I have found bug, using Jacksum 1.7.0 under combined checksum start.
Tried in many combination and with key "-a all", but result of the distortion tree:tiger(2) checksum always is present, when not one.
Example console screen:
D:\>java -version
java version "1.5.0_11"
Java(TM) 2 Runtime Environment, Standard Edition (build 1.5.0_11-b03)
Java HotSpot(TM) Client VM (build 1.5.0_11-b03, mixed mode)
thank you for the report, however it is not a bug, it is expected behaviour.
The default encoding of Tiger/Tiger2 is BASE32. If you use "all" or a plus character (more than one algorithm), the default encoding of each single algorithm is ignored and a hexadecimal encoding is used instead for all algorithms (normalized output).
It is documented:
> java -jar jacksum.jar -h -a
-a algo [...] As soon as "all" or a plus character is used,
the output is normalized with a hex checksum and a decimal
filesize. Examples: "sha+", "md5+"
[...]
You can change the default encoding with option -E.
Guilty, forgive for carelessness. Though me several has distressed such behaviour of the program. Consider that absence of the possibility to specify the output of the control total for each algorithm in mixed mode (exactly either as change the output by default) vastly narrows the applicability. But after all he allows to reduce the expenseses on calculations, when for file simultaneously it is necessary to get many hashes.
Today I have found more sad detail - can not get hash tree:tiger on big file, merit more 1 gigabyte. As a result only message:
Exception in thread "main" java.lang.OutOfMemoryError: Java heap space
It is tested on miscellaneous platform (Windows, Linux) - given problem me is discovered always only with tree:tiger algorithm.
Possible I newly something have wrong understood?
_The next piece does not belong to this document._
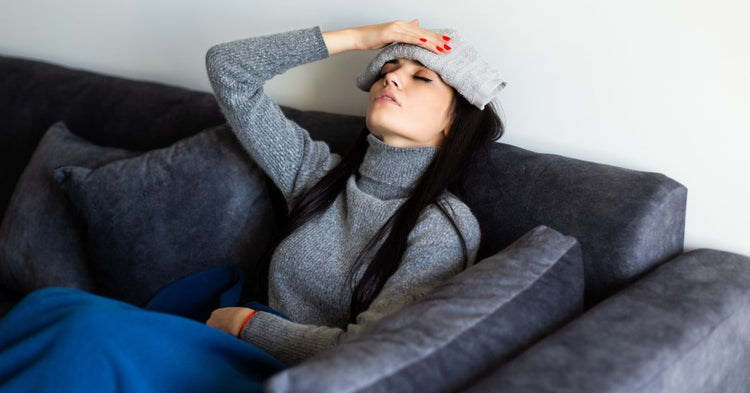 How you can treat migraines naturally by using one of these 14 simple methods at home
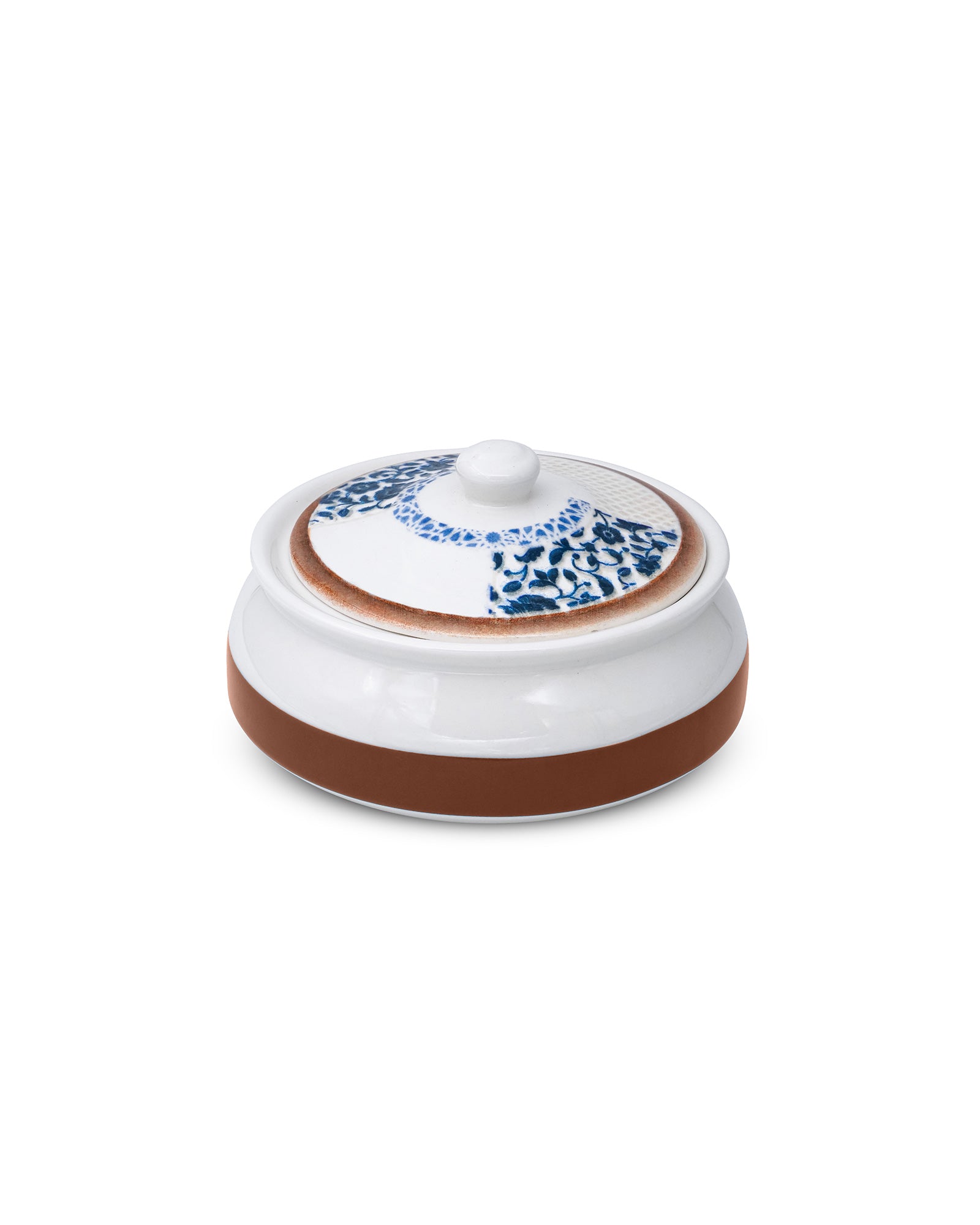 35 Pcs || Pixel Collection Dinnerware - Honeycomb Majesty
If you would like to refer to this comment somewhere else in this project, copy and paste the following link:
With respect to the 1st issue, I could imagine something like that
-a <algo1>+<algo2>+<algo3>+...
-E <encoding1>,<encoding2>,<encoding3>,...
to be able to set the encoding (including default) for each algorithm in mixed mode.
This feature would have impact on other features. Consider a checksum of 9999 - nobody can tell whether it is hex or decimal for example. Therefore new tokens (#ENCODING and #ENCODING{i}) must be added for the option -F. Also if option -m or -c has been choosen for verifying the integrity of a combined digest, Jacksum must take the possibility of multiple encodings into account. Did I forget something else?
Would it be helpful for you to have the feature above? Can you please share your business justification?
With respect to the OutOfMemoryError, ...
While many algorithms in Jacksum have a predictable, pretty small requirement of memory (even Terabytes are not a problem), the tree:tiger/tree:tiger2 algorithm must keep a structure into the memory which is a bit dependent on the filezise. But fortunately, the current implementation (it is actually derived from the public domain TigerTree reference implementation) has room for improvements. For now please use the following workaround. Set a higher Java heap for the JVM by specifying the Java option called -Xmx. Example:
java -Xmx256m -jar jacksum.jar -a tree:tiger 1GBfile.dat
I summarize, there are two new feature requests:
1) Let select the encoding for each algorithm in mixed mode
2) Decrease the memory requirement of the TigerTree class
What do you think?
Thanks,
-jonelo
If you would like to refer to this comment somewhere else in this project, copy and paste the following link:
I was just about to start a new thread regarding the first issue; multiple encodings in mixed mode. I'm playing around with disk cataloging software packages that use an SQL database for their back end. Unfortunately, they only support one or two hash algorithms internally (if at all) and often not the ones I want. However, some support custom user fields. I was planning on using Jacksum to output the desired hashes to a file. Then write a script that would use that file to plug the results into those fields.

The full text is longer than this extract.